··· Supplied entries

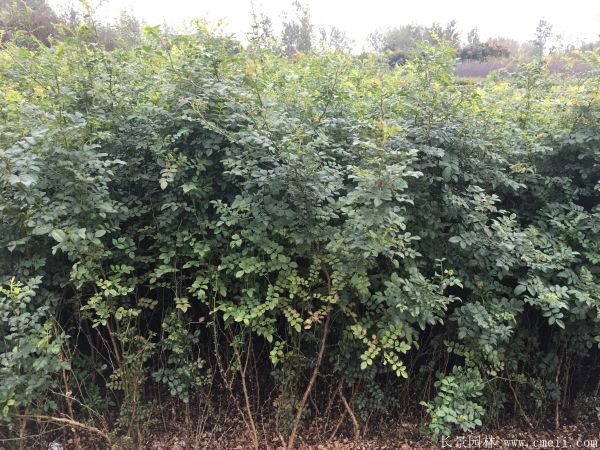 黃刺玫種子發芽出苗圖片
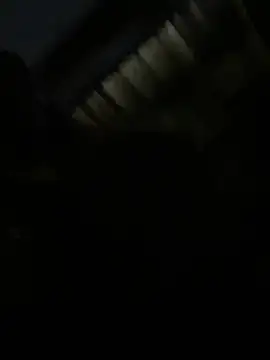 Nika-be online show from February 12, 2026, 5:46 am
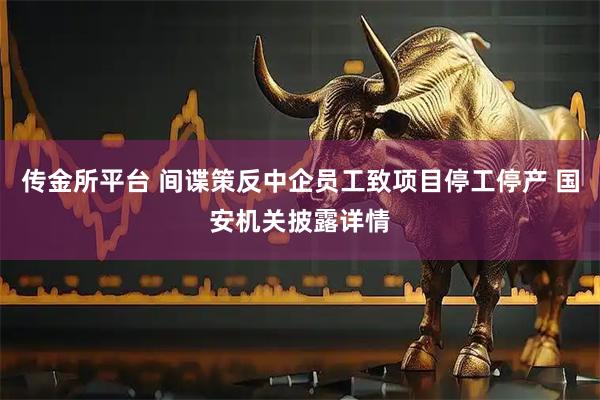 传金所平台 间谍策反中企员工致项目停工停产 国安机关披露详情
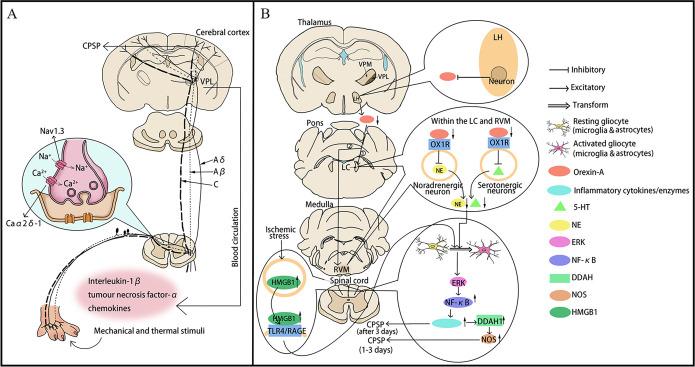 https://cdn.ncbi.nlm.nih.gov/pmc/blobs/6f4f/12230222/a0374546152f/svn-10-3-g001.jpg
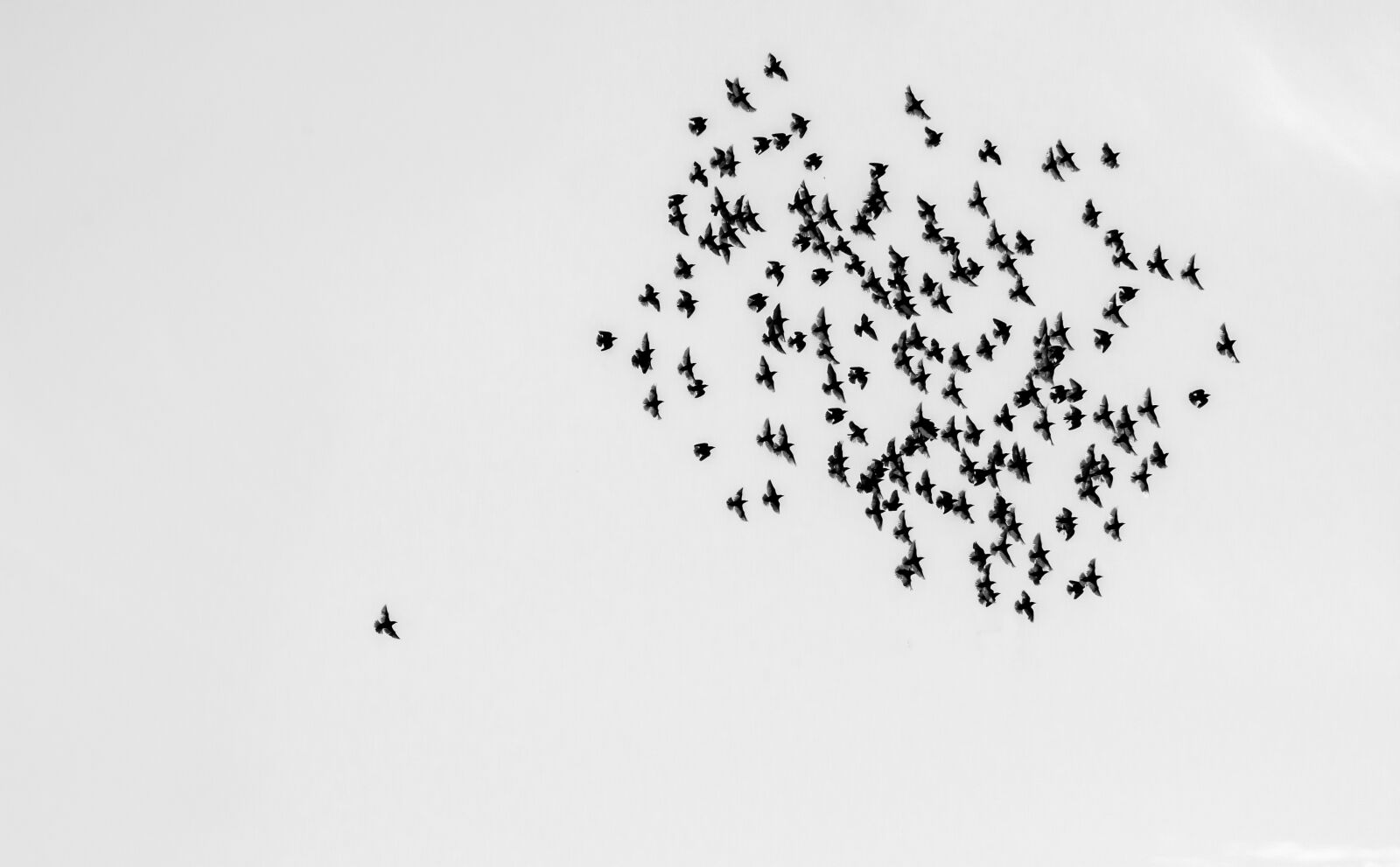 Canon EOS 70D sample photo. Birds, swarm, flock of photography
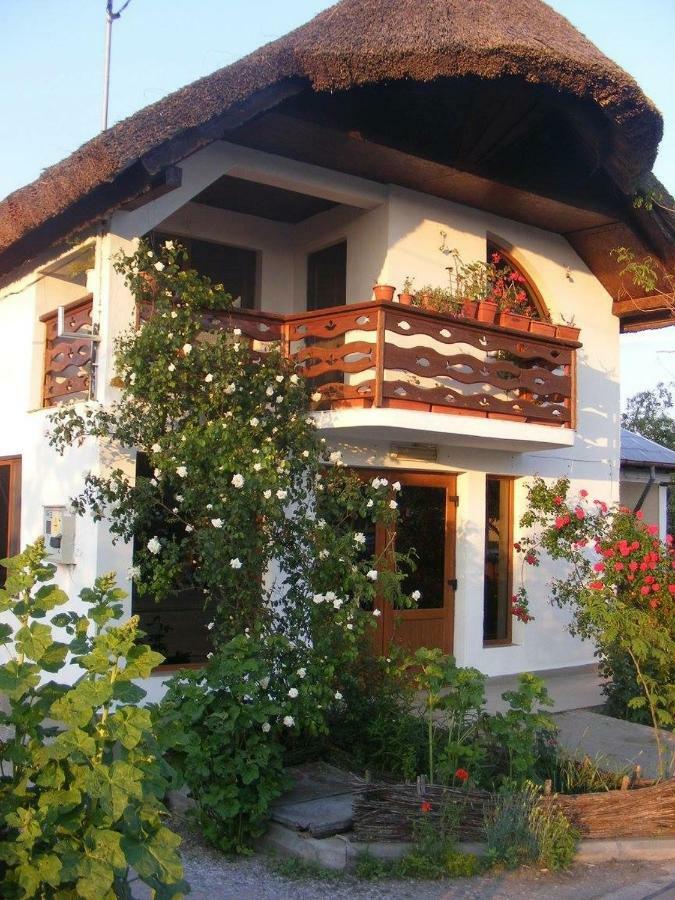 Casa Nicu Murighiol Exterior foto
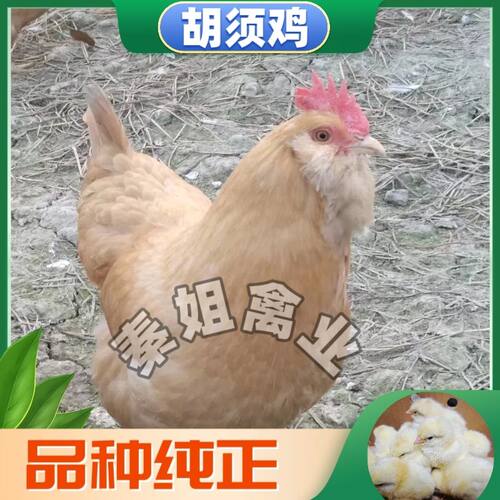 南宁正宗胡须鸡出壳大种苗纯正胡须鸡苗胡须鸡小公鸡仔活苗胡须鸡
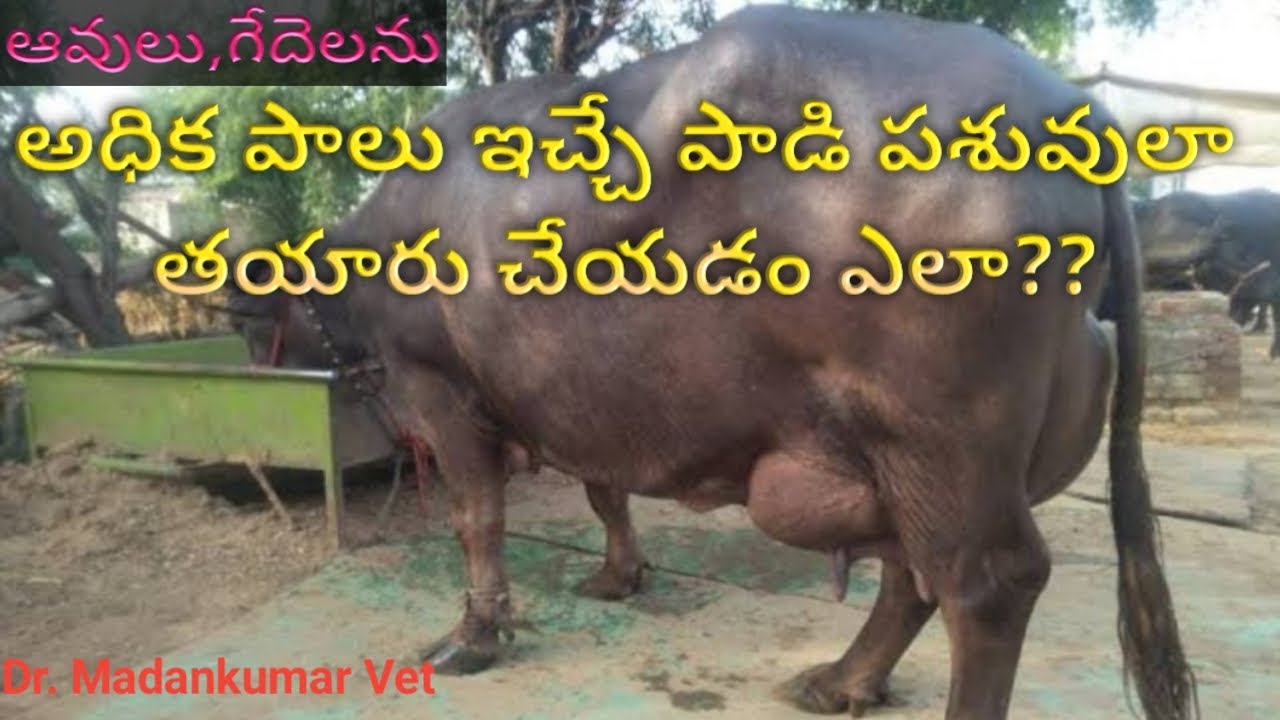 How to Prepare a High Milk Producing Buffalo or Cow  in Telugu | Dr. Madankumar Vet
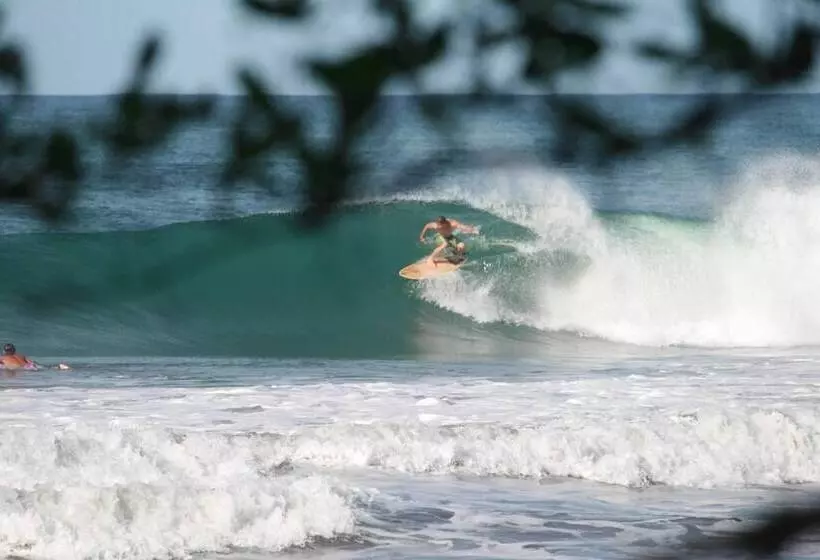 Casa Alice Surf Lodge   Hostel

······

Pictures are skipped here. Print exactly, and only, the lines from the one holding "How to Prepare" through the final line of the material above, both ends included.

 How to Prepare a High Milk Producing Buffalo or Cow  in Telugu | Dr. Madankumar Vet
 Casa Alice Surf Lodge   Hostel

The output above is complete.